• **Task item**
Stop after the line that contains "Afričan Americký Obchodní". Until then, retype each line of the entries exactly from the first one, skipping pictures.

• **Material for the task**
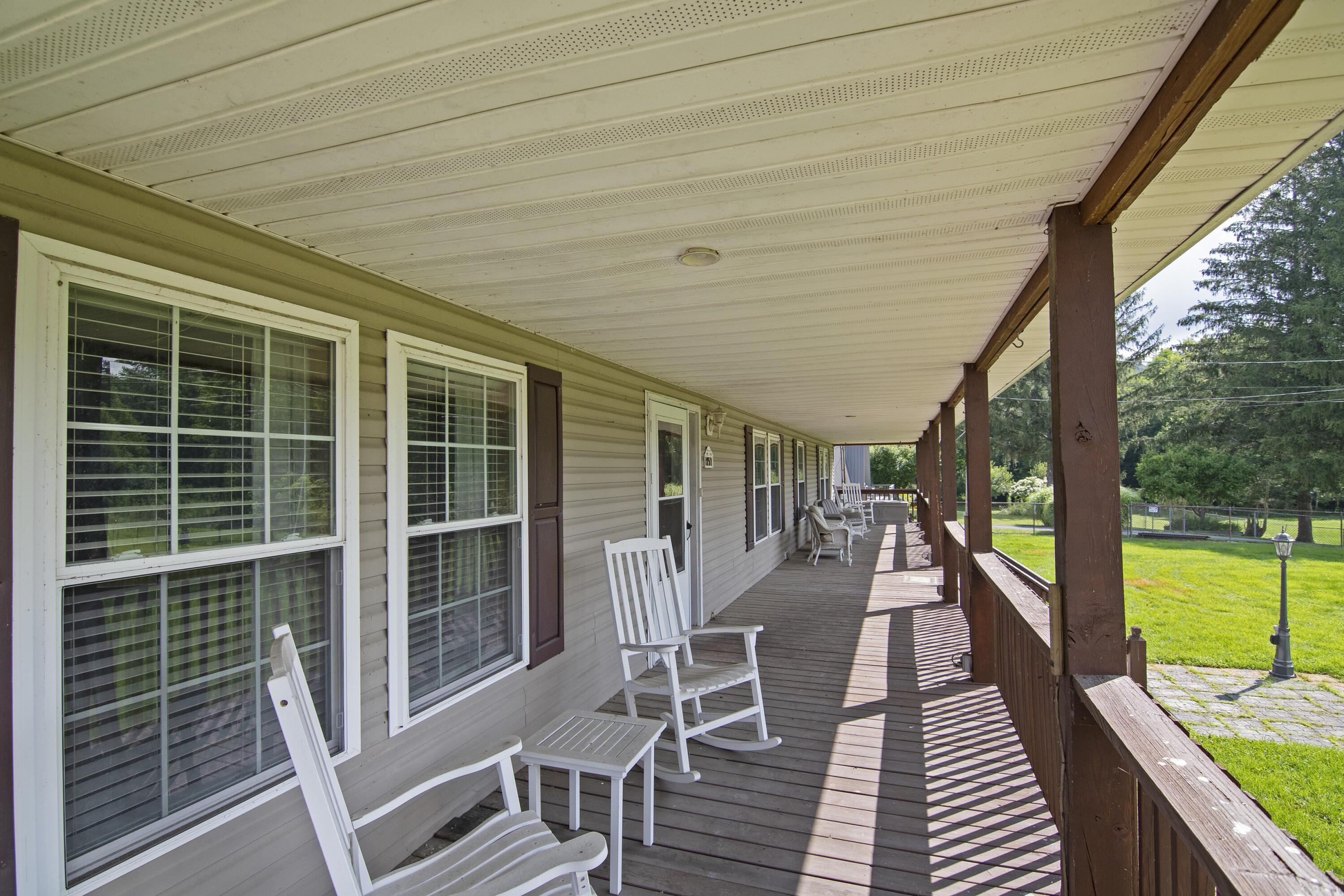 Image 4: ESR_0051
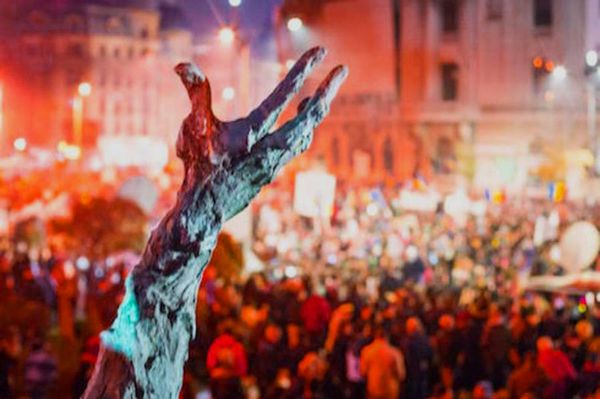 Ezrek emlékeztek meg a bukaresti tűzvészről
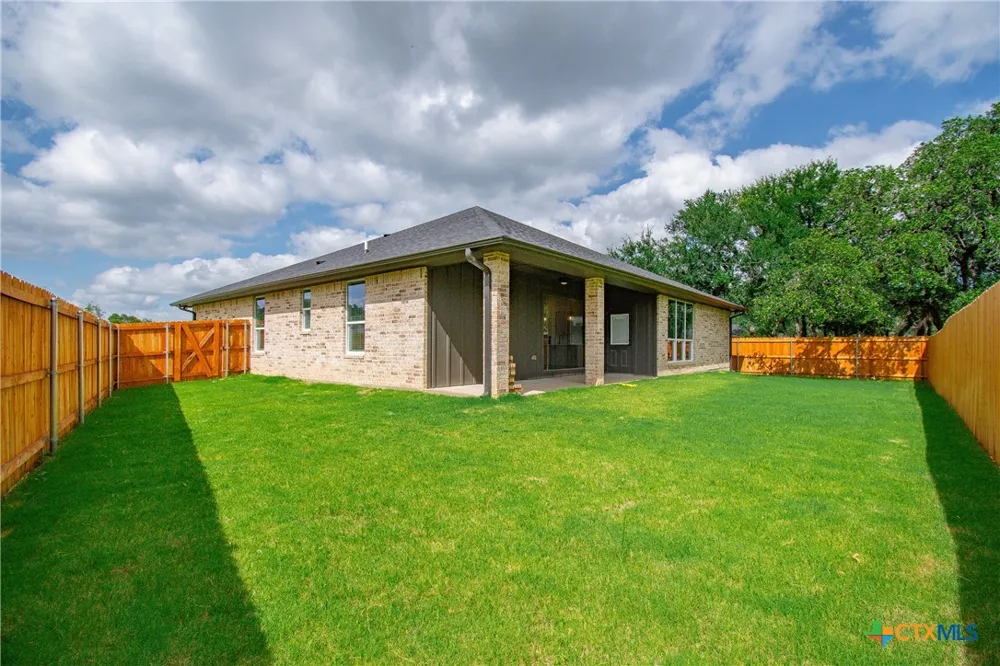 1301 Rylee Lane Salado, TX 76571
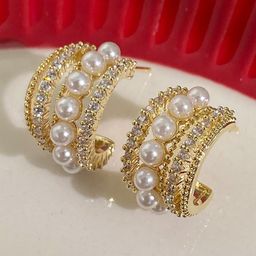 VAGHBHATT Circular Studs Earrings image 2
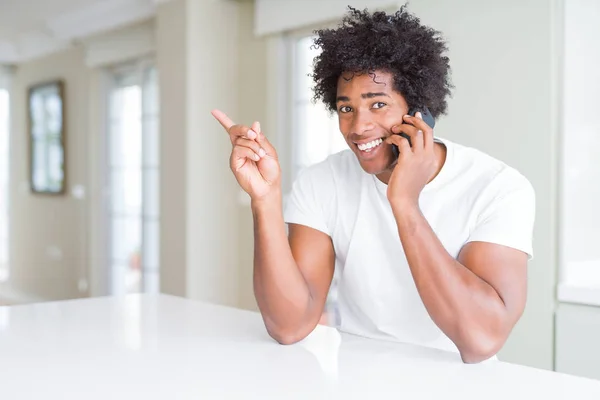 Afričan Americký Obchodní Muž Který Mluví Telefonu Velmi Šťastně Ukazující — Stock fotografie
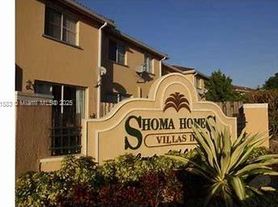 7060 NW 177th St, Hialeah, FL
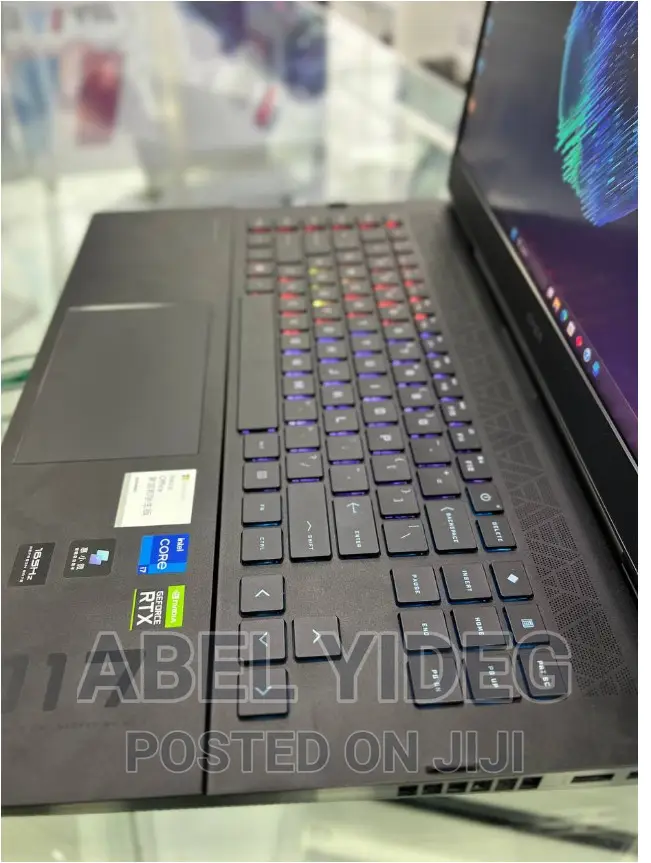 New Laptop HP Omen 17 16GB Intel Core I7 SSD 1T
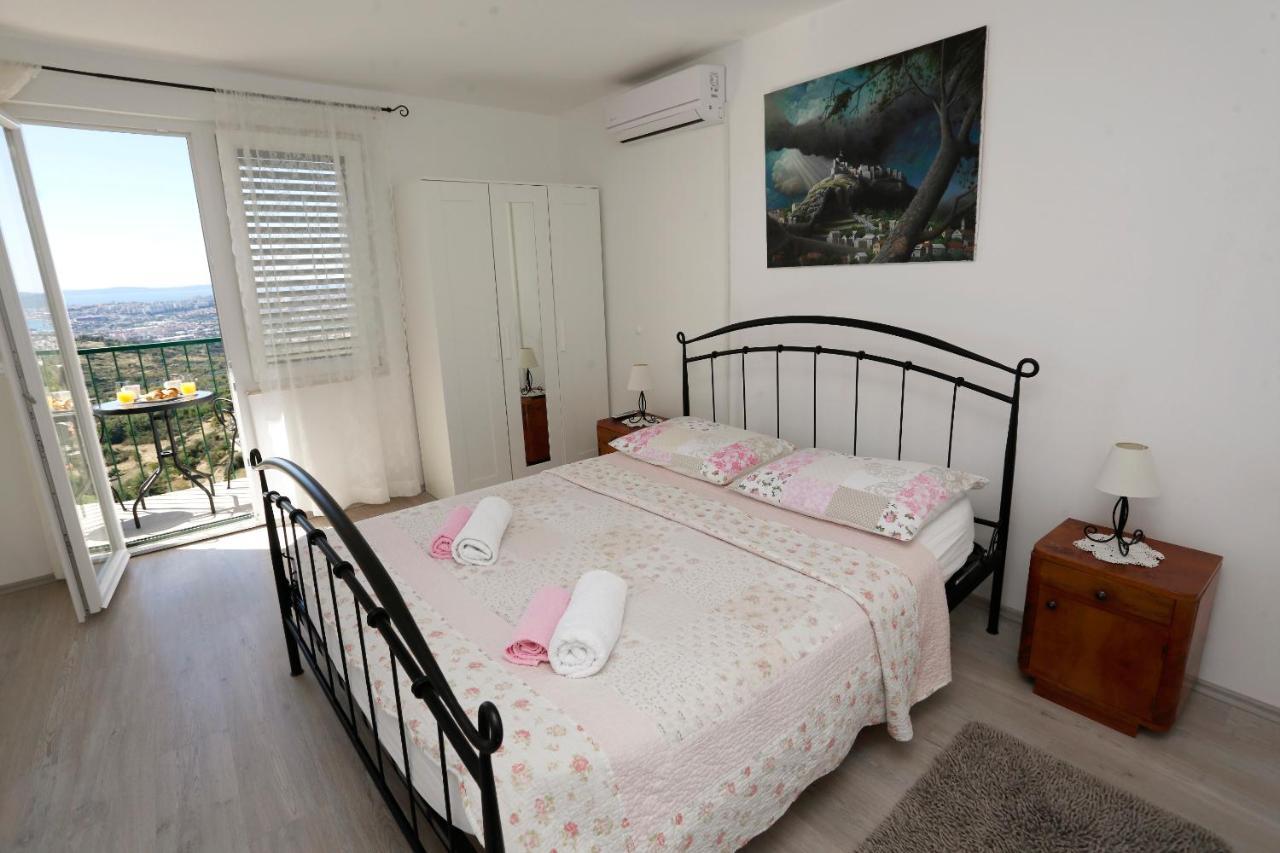 Holiday Home Miklica Klis Bagian luar foto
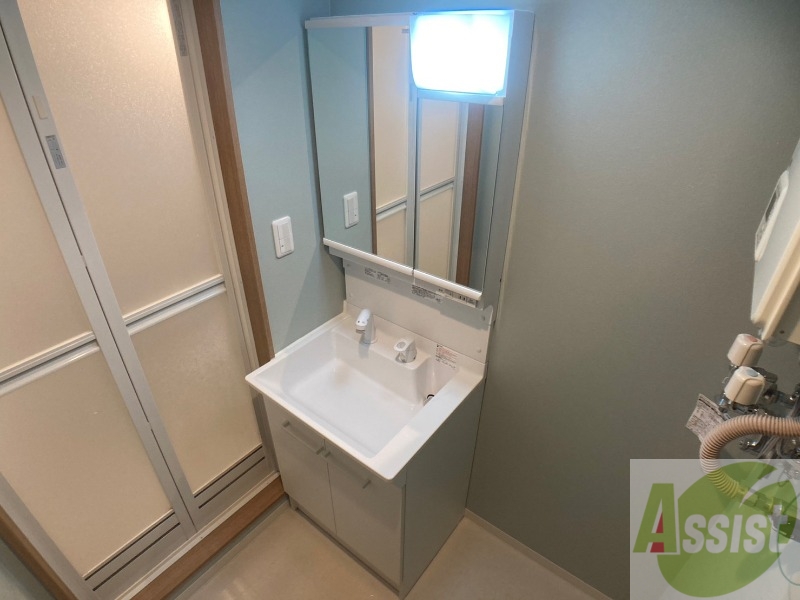 洗面設備　シャンプードレッサー。身支度はここでばっちりですね。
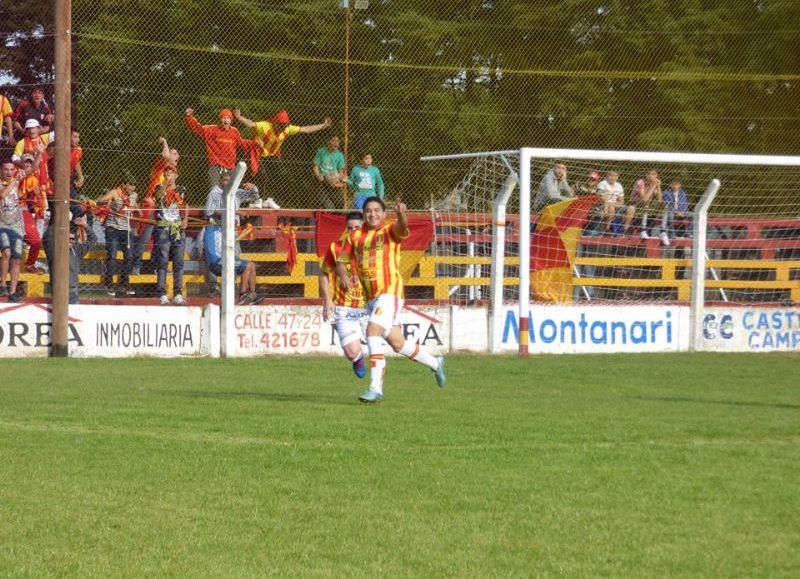 Iván Gómez anotó dos tantos.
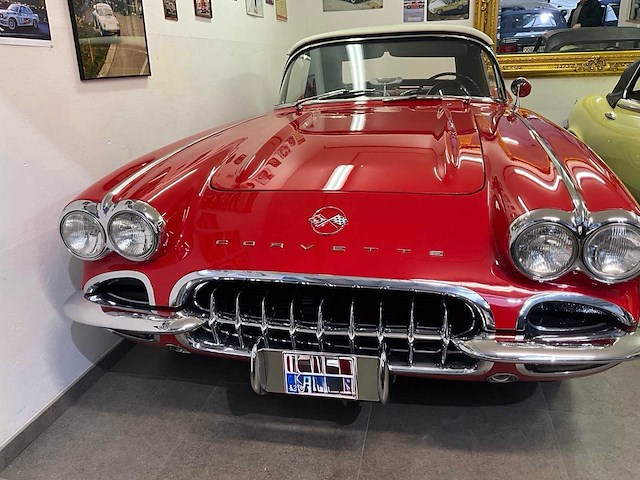 Chevrolet - corvette c2 - cabriolet - vintage auto's > 15 - afbeelding 28 van  29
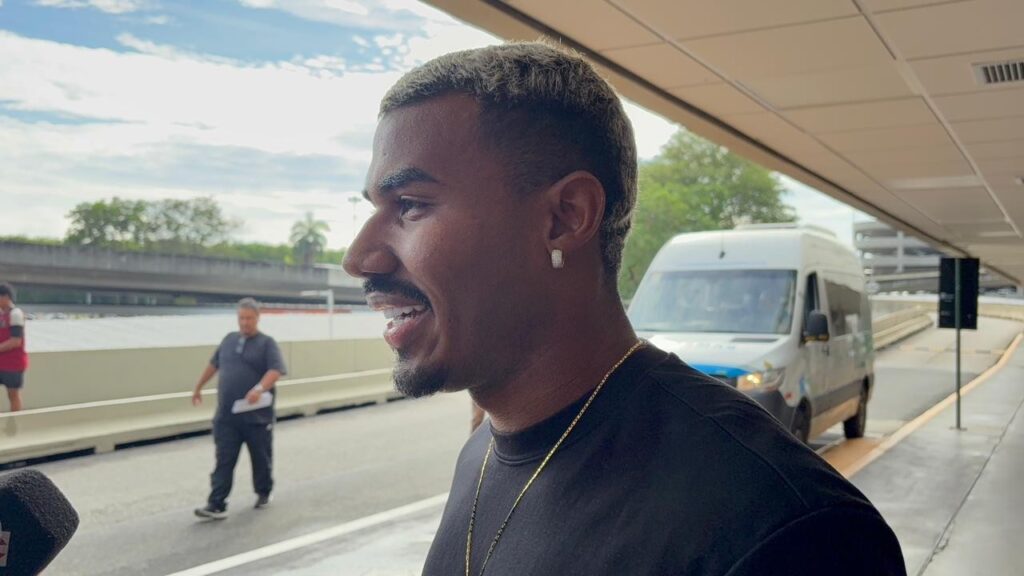 Cuiabano Chega ao Rio e Se Prepara para Clássico contra o Botafogo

• **Exercise answer**
 Image 4: ESR_0051
 Ezrek emlékeztek meg a bukaresti tűzvészről
 1301 Rylee Lane Salado, TX 76571
 VAGHBHATT Circular Studs Earrings image 2
 Afričan Americký Obchodní Muž Který Mluví Telefonu Velmi Šťastně Ukazující — Stock fotografie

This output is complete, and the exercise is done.